This weekend, though, a small corner of the Internet exploded with concern that Dropbox was going too far, actually scanning users’ private and directly peer-shared files for potential copyright issues. What’s actually going on is a little more complicated than that, but it shows that sharing a file on Dropbox isn’t always the same as sharing that file directly from your hard drive over something like e-mail or instant messenger.
The whole kerfuffle started yesterday evening, when one Darrell Whitelaw tweeted a picture of an error he received when trying to share a link to a Dropbox file via IM. The Dropbox webpage warned him and his friend that “certain files in this folder can’t be shared due to a takedown request in accordance with the DMCA.”
So, is Dropbox snooping through your files?
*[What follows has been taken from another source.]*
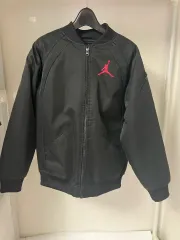 ナイキ ジョーダン MA-1ジャケット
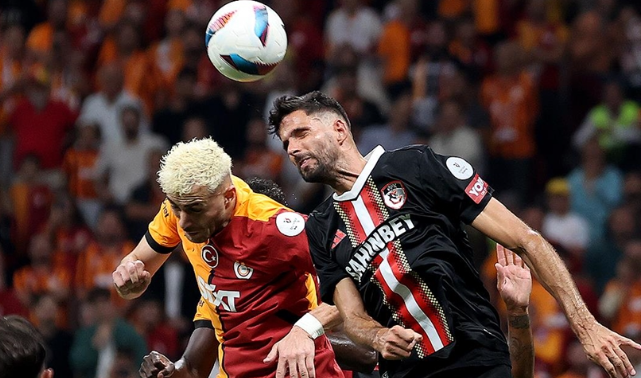 Trendyol Süper Lig: Gaziantep FK: 0 - Galatasaray: 1 (İlk yarı)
Well, yes, but no.
“We sometimes receive DMCA notices to remove links on copyright grounds,” the company said in a statement provided to Ars. “When we receive these, we process them according to the law and disable the identified link. We have an automated system that then prevents other users from sharing the identical material using another Dropbox link. This is done by comparing file hashes.”
To be clear, Dropbox hasn’t removed or deleted Whitelaw’s files, they’ve just denied his ability to share a link to the file, which all things considered, seems fairly reasonable. More relevant though, is that yes, Dropbox is in effect scanning your files even if it is just being done by file hash bots, so while Whitelaw and undoubtedly many, many others may use Dropbox just like a private external hard drive at home or at work, it, like most everything else cloud related, is definitely not private.